Men’s basketball team face NWAC violations
The Northwest Athletic Conference’s recent penalties targeting the UCC men’s basketball program have been described as heavy-handed, but they don’t impact students as strongly as some have feared.
On Dec. 14, 2023, NWAC threatened punishment for breaking several of the league’s policies found in the NWAC Handbook despite UCC’s cooperation during the investigation. Then on March 5, 2023, NWAC made their final decision, losing two UCC scholarships, giving staff probation, fining UCC $15,000 and suspending the men’s basketball team from playoff participation from 2024 to 2025.

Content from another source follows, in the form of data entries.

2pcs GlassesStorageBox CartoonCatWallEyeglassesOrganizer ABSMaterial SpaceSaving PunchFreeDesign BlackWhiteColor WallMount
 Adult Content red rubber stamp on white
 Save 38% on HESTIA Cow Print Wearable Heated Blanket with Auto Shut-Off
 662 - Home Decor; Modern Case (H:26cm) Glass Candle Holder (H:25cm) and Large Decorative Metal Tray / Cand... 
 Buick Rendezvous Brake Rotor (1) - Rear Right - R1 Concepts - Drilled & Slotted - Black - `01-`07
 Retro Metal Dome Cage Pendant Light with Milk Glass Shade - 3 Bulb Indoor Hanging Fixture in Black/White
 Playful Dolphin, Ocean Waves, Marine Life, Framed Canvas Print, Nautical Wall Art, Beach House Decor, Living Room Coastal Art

The NWAC Codebook, under the Bylaw link on page 38, describes two categories of violations. Category I is “violations that provide only a limited recruiting or competitive advantage,” and Category II is “any violation determined not to be Category I, specifically to include those that might provide an extensive recruiting or competitive advantage.” UCC was given Category I C., Category II B. and D. violations by NWAC.
Since many Riverhawk athletes are only able to afford school with sport scholarships, the loss of scholarships was a concern. “No student will lose a scholarship. Current students will still receive their scholarships,” Rachel Pokrandt, the president of UCC said in an email. “The sanction from the NWAC is that we must reduce the number of scholarships we offer by two for the next two years. This means we will simply have fewer athletes on the team – we will recruit fewer.”
Leo Sewell is a freshman basketball student who understands the importance of sports scholarships. “Obviously not having (as many) scholarships is hard — it’s a scholarship-based sport, and that’s why a lot of kids are playing because you don’t have to pay anything or paid minimal fees.”
Sewell is optimistic about the team’s future. “I mean, obviously that’s hard. But Coach is a great recruiter, so they’ll be able to find ways to get the best players here.”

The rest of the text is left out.